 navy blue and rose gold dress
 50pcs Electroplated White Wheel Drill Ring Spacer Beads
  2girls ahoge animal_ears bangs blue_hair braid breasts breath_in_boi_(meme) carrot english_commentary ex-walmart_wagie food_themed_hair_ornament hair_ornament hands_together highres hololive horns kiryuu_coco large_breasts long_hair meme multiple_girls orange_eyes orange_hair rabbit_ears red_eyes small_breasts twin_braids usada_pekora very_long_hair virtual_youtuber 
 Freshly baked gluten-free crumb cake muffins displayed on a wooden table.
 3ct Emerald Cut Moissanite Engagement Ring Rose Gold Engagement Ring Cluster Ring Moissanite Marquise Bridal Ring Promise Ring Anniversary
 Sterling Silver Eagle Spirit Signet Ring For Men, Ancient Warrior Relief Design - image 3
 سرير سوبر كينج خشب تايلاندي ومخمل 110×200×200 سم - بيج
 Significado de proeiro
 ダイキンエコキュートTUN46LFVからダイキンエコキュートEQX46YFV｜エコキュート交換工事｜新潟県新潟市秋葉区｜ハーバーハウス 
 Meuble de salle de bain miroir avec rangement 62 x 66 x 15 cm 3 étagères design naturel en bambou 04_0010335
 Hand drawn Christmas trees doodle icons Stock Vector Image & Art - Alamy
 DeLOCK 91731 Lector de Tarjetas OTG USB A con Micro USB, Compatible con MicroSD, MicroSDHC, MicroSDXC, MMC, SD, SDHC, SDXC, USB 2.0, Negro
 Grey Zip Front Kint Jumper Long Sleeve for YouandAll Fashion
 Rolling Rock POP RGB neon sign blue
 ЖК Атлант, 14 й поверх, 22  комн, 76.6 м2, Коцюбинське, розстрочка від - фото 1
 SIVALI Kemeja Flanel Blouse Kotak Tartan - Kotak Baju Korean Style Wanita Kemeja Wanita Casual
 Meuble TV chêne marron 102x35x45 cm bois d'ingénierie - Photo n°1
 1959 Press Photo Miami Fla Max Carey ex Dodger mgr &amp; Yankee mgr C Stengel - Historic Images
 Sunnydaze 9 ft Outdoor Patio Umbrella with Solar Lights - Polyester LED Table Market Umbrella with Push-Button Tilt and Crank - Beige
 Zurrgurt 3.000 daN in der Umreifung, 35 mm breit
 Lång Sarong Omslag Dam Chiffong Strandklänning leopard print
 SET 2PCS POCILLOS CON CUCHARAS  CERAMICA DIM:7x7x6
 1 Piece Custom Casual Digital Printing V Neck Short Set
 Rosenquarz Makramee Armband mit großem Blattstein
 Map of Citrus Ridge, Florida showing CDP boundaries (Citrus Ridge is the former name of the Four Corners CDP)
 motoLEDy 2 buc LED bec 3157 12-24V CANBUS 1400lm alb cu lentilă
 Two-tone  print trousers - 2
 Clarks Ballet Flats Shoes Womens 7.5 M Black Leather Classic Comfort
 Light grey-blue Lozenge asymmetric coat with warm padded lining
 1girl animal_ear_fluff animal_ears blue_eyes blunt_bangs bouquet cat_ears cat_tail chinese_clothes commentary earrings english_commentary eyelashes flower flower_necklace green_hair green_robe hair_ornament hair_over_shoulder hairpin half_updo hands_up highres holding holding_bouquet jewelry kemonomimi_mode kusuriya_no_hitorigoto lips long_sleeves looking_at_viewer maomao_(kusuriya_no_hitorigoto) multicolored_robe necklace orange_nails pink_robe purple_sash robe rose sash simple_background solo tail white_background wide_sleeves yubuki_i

★ ★ ★ ★ ★

● **About this task**: Whenever the string "Meuble" turns up in a line above, copy that line out.

● **Exercise answer**:
 Meuble de salle de bain miroir avec rangement 62 x 66 x 15 cm 3 étagères design naturel en bambou 04_0010335
 Meuble TV chêne marron 102x35x45 cm bois d'ingénierie - Photo n°1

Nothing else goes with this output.